- _Your objective_:
None of the pictures should be copied, though every line of the listing must be printed exactly.

- _Data block_:
======

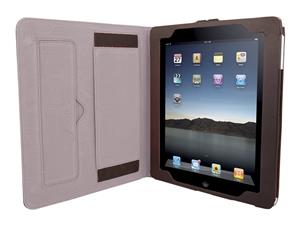 LUXUARY GREY SLEEVE FOR IPAD 1 2 AND NEW IPAD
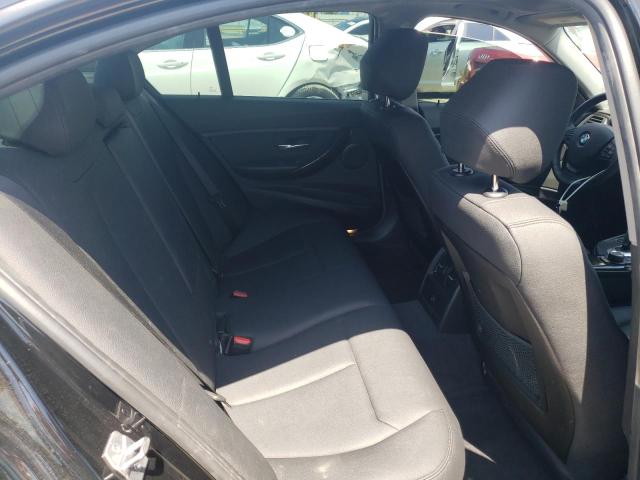 Photo 6 from auction – 2018 BMW 320 I with VIN WBA8E1G54JNU90617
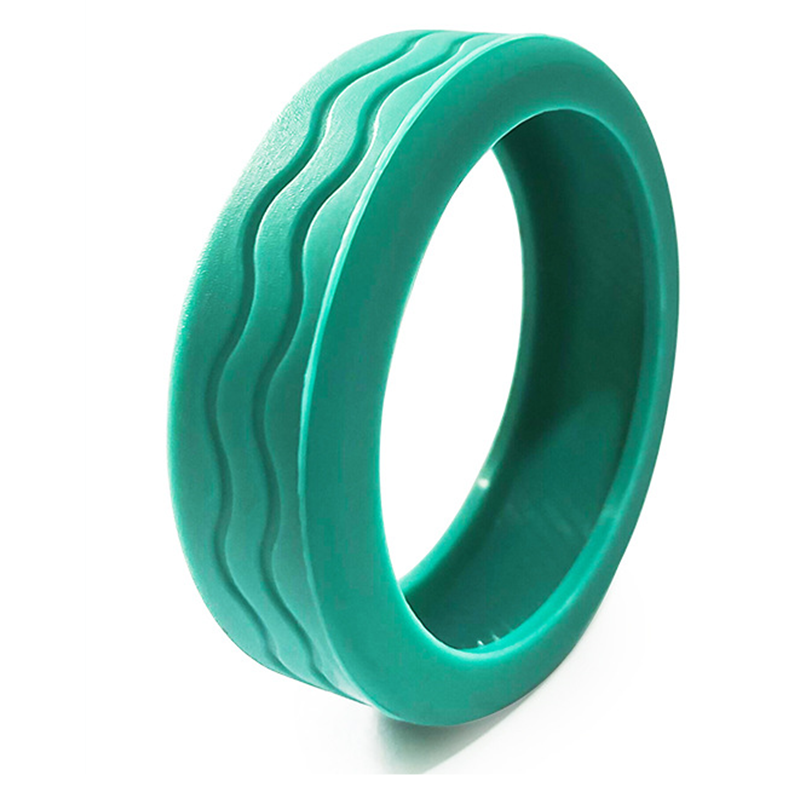 8PCS Luggage Wheels Protector Silicone Wheels Caster Shoes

======

- _Reply_:
 LUXUARY GREY SLEEVE FOR IPAD 1 2 AND NEW IPAD
 Photo 6 from auction – 2018 BMW 320 I with VIN WBA8E1G54JNU90617
 8PCS Luggage Wheels Protector Silicone Wheels Caster Shoes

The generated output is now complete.